GNU General Public License v3.0
108 stars 55 forks source link

problem with parse_cnvs.py script #133

Open shaghayeghsoudi opened 3 years ago

shaghayeghsoudi commented 3 years ago

Hello, I recently started working on PhyloWGS and after installing, compiling and testing scripts I ran into a problem with parse_cnvs.py script. I have Battenberg outputs and obviously it should be quite straightforward to run it but I keep getting this error message

python ./parse_cnvs.py -f battenberg -c 0.27 data.test.battenberg.txt

error: File "./parse_cnvs.py", line 195, in main() File "./parse_cnvs.py", line 191, in main regions = parser.parse() File "./parse_cnvs.py", line 111, in parse end = int(fields[3 + self._field_offset]) ValueError: invalid literal for int() with base 10: '0.610923189999321'

I just do not understand what's wrong. end = int(fields[3 + self._field_offset]) is the end position of CNV and I do not know what it takes BAF in column 4 (='0.610923189999321). Any idea? I appreciate the help, I am really stuck on that for several days.

dancooke commented 3 years ago

@shaghayegh-flower I just ran into this error and specifying battenberg-smchet rather than just battenberg resolved it.
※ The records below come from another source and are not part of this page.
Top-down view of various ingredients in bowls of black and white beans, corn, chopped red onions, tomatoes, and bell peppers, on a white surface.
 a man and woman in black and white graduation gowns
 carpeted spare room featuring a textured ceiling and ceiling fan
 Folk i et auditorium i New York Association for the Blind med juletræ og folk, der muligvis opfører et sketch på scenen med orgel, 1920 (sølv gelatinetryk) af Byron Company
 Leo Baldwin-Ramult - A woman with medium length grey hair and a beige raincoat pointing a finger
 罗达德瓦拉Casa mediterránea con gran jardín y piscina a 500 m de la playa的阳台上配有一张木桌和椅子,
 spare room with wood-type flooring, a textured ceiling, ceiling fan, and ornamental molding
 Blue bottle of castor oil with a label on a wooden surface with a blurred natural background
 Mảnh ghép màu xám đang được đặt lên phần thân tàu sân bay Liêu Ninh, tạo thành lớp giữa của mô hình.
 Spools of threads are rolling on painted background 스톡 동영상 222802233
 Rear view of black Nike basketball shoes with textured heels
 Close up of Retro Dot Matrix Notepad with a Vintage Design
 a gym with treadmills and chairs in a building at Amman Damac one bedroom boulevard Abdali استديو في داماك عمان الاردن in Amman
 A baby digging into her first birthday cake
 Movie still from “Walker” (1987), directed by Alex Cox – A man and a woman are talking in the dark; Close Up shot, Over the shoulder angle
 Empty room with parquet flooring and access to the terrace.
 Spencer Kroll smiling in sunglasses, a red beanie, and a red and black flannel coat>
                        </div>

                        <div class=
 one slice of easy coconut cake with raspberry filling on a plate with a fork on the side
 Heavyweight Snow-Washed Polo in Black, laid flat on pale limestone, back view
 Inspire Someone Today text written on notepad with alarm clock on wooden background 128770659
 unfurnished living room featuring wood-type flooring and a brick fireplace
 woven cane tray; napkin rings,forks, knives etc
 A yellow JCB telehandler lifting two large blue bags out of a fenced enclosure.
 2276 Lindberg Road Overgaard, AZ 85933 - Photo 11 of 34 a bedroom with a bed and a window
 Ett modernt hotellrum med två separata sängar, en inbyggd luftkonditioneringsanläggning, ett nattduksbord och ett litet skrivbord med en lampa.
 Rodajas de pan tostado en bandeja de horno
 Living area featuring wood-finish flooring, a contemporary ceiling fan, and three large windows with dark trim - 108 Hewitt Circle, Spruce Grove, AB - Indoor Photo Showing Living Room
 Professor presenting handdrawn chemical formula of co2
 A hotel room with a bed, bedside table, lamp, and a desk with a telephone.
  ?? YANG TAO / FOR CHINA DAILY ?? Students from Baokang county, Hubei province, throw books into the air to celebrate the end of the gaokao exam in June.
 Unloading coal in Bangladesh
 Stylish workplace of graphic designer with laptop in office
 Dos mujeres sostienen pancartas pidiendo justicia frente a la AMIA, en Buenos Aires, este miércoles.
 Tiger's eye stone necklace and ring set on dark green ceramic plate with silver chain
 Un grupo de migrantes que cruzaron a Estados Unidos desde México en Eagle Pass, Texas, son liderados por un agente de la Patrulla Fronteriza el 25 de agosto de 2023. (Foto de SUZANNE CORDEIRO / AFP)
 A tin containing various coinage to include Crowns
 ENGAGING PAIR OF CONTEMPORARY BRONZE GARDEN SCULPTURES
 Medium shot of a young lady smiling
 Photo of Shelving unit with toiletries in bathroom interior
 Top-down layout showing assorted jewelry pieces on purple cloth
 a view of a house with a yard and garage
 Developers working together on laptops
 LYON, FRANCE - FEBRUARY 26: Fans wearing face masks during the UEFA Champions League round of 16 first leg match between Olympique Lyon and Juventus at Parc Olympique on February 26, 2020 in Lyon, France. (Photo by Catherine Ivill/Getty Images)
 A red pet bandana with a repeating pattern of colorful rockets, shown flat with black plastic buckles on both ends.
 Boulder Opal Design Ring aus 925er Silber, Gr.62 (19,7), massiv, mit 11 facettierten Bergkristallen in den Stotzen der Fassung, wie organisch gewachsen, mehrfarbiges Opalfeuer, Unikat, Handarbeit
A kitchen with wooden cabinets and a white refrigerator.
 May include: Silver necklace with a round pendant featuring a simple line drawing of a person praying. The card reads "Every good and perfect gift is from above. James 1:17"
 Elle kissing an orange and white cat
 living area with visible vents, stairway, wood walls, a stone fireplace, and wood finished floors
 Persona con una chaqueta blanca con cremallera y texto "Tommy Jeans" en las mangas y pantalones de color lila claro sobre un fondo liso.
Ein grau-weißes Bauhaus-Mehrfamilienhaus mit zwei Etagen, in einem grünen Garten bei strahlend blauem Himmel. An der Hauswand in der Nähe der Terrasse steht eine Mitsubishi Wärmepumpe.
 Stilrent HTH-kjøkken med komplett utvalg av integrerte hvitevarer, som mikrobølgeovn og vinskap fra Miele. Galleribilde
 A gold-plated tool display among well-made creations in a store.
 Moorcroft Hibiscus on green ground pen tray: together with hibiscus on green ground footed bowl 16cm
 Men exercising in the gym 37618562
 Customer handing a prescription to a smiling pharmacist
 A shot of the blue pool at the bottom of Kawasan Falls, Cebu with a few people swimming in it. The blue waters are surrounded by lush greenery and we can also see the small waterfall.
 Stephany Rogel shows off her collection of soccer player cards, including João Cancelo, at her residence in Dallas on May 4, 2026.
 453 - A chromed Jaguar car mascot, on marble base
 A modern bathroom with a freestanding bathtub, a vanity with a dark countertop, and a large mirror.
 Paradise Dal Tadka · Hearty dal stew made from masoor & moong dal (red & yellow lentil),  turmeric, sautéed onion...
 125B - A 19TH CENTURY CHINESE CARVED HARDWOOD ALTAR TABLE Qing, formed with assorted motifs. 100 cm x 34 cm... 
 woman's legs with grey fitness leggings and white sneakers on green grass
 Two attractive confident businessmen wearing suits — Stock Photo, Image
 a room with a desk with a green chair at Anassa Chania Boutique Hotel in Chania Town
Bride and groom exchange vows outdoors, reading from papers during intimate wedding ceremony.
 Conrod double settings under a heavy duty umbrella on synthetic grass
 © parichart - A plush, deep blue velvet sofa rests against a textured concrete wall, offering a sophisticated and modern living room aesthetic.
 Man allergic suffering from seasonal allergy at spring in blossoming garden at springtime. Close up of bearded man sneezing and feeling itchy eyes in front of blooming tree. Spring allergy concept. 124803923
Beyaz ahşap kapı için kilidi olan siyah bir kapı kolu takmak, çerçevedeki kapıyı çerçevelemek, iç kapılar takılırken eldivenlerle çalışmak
In you case:

$ python ./parse_cnvs.py -f battenberg-smchet -c 0.27 data.test.battenberg.txt

It looks like some Battenberg output has an ID column while others don't.

Once I got this working I ran into another error however:

Traceback (most recent call last):
  File "/well/gerton/dan/apps/phylowgs/parser/parse_cnvs.py", line 195, in <module>
    main()
  File "/well/gerton/dan/apps/phylowgs/parser/parse_cnvs.py", line 191, in main
    regions = parser.parse()
  File "/well/gerton/dan/apps/phylowgs/parser/parse_cnvs.py", line 117, in parse
    cnv1['major_cn'] = int(fields[8 + self._field_offset])
ValueError: invalid literal for int() with base 10: 'NA'

The parser doesn't nicely handle invalid field values, so I had to remove these rows manually before calling the parser:

$ awk '{if ($8!="NA"&&$9!="NA") print}' data.test.battenberg.txt > data.test.battenberg_noNA.txt
$ python ./parse_cnvs.py -f battenberg-smchet -c 0.27 data.test.battenberg_noNA.txt

Hope that helps!

shaghayeghsoudi commented 3 years ago

Thanks a lot @dancooke. That helped a lot